While we all love our gardens and spend a lot of time in them, one thing perhaps we are reluctant to do is cut flowers for the house. Why? Because it leaves blank spaces in the garden. We worked to get the mix just right and it seems a shame to the cut the flowers or foliage and ruin it. Luckily there is an easy solution. A cutting garden!

Cutting gardens are a time-honored part of landscapes. Simply put, they are a garden generally tucked away where plants are grown specifically to be cut and used in arrangements. Because they are usually tucked away having bare spots doesn’t matter. But success with a cutting garden means approaching layout and plant selection with that in mind.

The layout for a cutting garden will be quite different from that of a mixed border. Since these plants are meant to be “harvested”, approach them like you would a vegetable garden for example. Plant multiple plants in rows. Leave enough room between the rows for you to easily access the plants. This also means making sure the rows are not too wide. You need to be able to constantly reach into the plants to cut them. Not to mention water, feed, and regularly plant new perennials or sow seeds of annuals.


Raised beds also make excellent cuttings gardens. If you make the beds high and sturdy enough, you can sit on the edges while you work.

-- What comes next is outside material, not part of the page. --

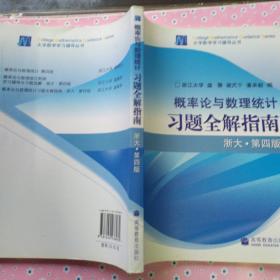 概率论与数理统计习题全解指南：浙大·第四版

If you keep the width to under four feet you can easily access the beds from both sides. Narrower raised beds will also work.

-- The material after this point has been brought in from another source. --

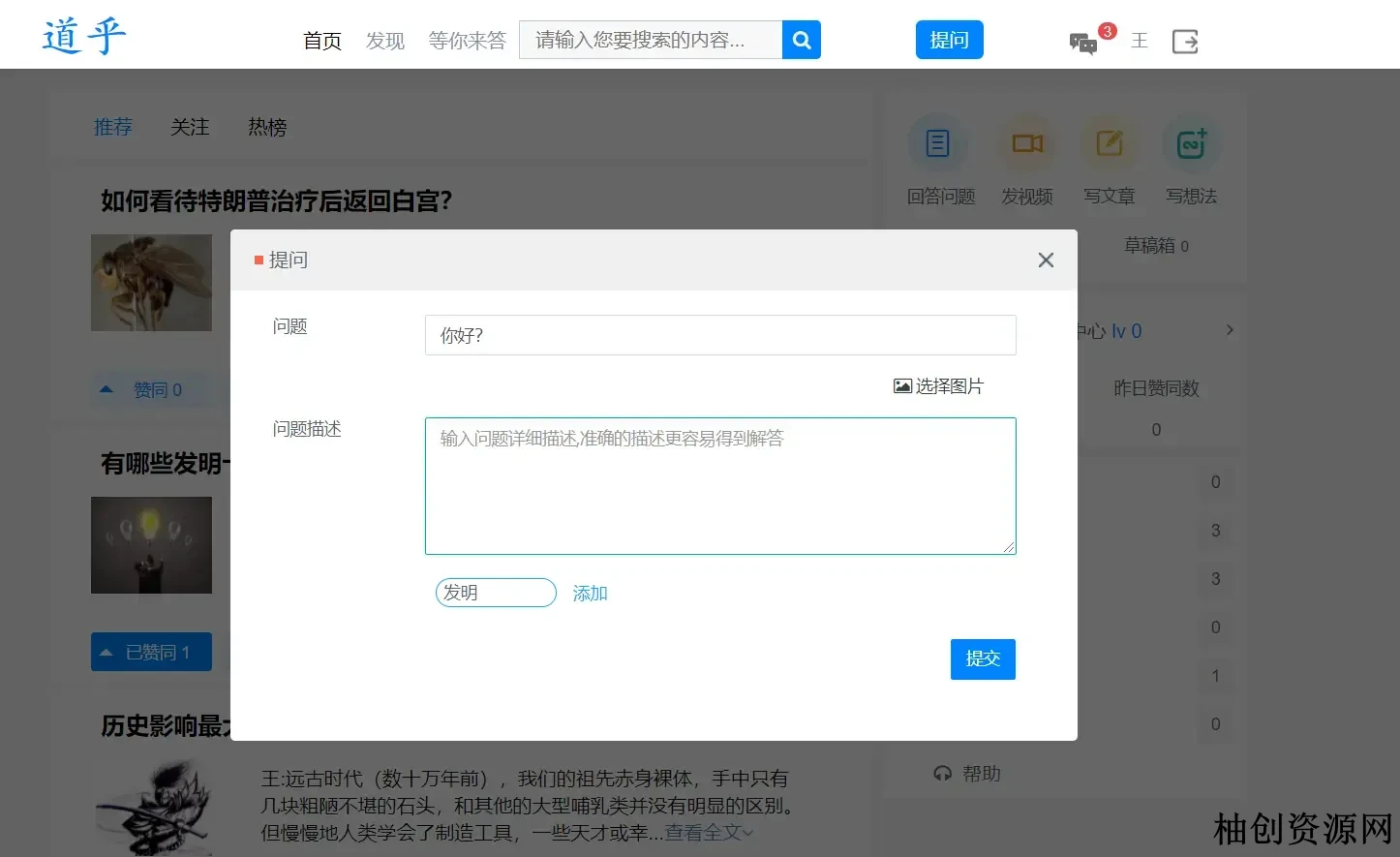 1759275560.webp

For any style of cutting garden the basics of good soil preparation, mulching, and weeding should be observed.

When you plan where your plants or annual seeds will go keep a few things in mind.

  1. Try to group them into flowering times. Early, mid-summer and late summer/fall. This allows you to cut from specific areas while letting new plants or seeds grow in the areas that are done. This cycling of plants means you will always have fresh flowers to cut. Constantly replanting your cutting garden is a key to keeping it fresh. Seeds of annuals are perfect for this.
  2. Further separate them into taller and shorter plants. Make sure the taller plants don’t shade the shorter ones or the areas where you will sow seeds that need the sun.
  3. Take into account what kind of conditions the plants need. Sun vs shade. Lots of water vs less water. Group them accordingly so you are not overwatering plants like lavender that don’t like that.

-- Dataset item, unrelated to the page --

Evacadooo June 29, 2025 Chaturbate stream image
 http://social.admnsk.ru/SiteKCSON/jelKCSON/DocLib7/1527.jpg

Lots of perennials and annuals make good cutting plants. That being said, there are some basic criteria.

  • You will likely want flowers with longer stems since you will be putting them in vases. Echinacea, agastache, foxgloves, salvias, lilies, and achillea are some examples.
  • Fragrant flowers will perfume the house. Don’t overlook fragrant foliage as well like lavender.
  • Include some plants for accents in arrangements like baby’s breath or artemisia.
  • Think about shrubs as well. Hydrangeas and of course roses. The shrubs can be used as a hedge around the cutting garden to make it less noticeable.

There are many plants that can be used in cutting gardens. Keeping in mind the above criteria will be helpful as well as your growing zone.

Plants to include in your cutting garden.

  • Shrubs. Roses, hydrangea, caryopteris, forsythia, viburnum, spirea.
  • Perennials. Lavender, shasta daisy, allium, delphinium, peony, lilies, baby’s breath, achillea, anemone, catmint, echinacea, astilbe, veronica, salvia, phlox, perovskia, penstemon, dianthus.
  • Annuals. Calendula, bachelor’s button, larkspur, foxglove (technically a bi-annual), gladiolas, sunflower, sweet pea, zinnia, cosmos.

These are just a few examples to get you started. But feel free to try anything. The nice thing about a cutting garden is that it is transitory. If something doesn’t work, simply try something else!